6. It is next contended that the petitioner did not have the eligibility for gratuity, since the duration of his service is less than five years. Apart from a statement given in his objection, no evidence has been adduced by the employer to show that the third respondent did not have the required service. On the other hand, the employee-the third respondent-has adduced evidence to show that he was under the service of the petitioner from February 1, 1984, to December 30, 1989. In the circumstances, both the authorities concurrently found that the petitioner had the required service and I do not think that I will be justified in interfering with the concurrent finding of fact arrived at by the authorities below, in exercise of my supervisory jurisdiction under Article 227 of the Constitution.

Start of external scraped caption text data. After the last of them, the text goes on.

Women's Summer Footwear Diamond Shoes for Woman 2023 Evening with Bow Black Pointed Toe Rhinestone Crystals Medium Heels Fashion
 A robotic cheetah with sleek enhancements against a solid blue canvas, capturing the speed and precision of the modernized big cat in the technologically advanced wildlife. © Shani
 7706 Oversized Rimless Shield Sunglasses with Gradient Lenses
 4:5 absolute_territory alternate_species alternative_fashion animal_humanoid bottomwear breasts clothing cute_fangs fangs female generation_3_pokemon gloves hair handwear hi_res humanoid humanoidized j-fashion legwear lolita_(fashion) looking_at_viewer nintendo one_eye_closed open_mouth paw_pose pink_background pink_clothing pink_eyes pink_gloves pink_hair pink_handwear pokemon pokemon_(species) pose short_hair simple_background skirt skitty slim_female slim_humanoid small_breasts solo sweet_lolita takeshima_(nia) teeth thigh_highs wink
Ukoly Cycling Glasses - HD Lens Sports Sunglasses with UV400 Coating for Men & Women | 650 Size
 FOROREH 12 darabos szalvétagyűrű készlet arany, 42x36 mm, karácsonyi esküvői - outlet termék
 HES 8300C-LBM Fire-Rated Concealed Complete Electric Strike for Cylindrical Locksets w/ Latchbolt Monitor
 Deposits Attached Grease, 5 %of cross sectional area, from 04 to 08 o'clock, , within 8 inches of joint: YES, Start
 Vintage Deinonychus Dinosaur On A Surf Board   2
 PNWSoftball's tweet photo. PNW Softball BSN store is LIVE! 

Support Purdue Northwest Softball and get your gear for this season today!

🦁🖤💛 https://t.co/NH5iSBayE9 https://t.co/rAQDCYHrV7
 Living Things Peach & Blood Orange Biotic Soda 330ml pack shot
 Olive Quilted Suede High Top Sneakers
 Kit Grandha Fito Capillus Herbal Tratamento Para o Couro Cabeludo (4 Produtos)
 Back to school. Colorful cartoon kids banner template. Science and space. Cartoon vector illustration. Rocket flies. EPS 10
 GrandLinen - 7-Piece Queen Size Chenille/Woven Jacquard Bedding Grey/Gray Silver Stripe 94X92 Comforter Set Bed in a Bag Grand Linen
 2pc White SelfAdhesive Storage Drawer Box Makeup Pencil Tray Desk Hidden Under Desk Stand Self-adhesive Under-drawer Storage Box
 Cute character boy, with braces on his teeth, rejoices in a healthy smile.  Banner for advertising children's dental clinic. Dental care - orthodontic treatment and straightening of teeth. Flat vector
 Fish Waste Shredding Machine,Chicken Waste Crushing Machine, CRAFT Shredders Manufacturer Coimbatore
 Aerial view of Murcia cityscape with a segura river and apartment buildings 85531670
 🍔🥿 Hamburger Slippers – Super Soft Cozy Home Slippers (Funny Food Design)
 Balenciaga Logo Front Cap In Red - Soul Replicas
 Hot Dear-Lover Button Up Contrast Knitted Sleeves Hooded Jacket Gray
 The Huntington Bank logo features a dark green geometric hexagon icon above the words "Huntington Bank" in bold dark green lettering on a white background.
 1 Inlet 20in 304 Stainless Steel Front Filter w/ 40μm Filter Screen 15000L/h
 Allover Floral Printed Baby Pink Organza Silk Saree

7. It is lastly contended that the petitioner was not given sufficient opportunity to contest the matter. This aspect has been dealt with by the appellate authority in Exhibit P-8. It is seen that several adjournments were given to enable the employer to give evidence and at last as a last chance, it was posted to November 20, 1991. On that day also, neither the petitioner nor his counsel entered appearance. In the circumstances, there is absolutely no substance in the contention that sufficient opportunity was not given to the petitioner to contest the matter.

8. The foregoing discussion would show that there is no merit in the original petition and it is accordingly dismissed.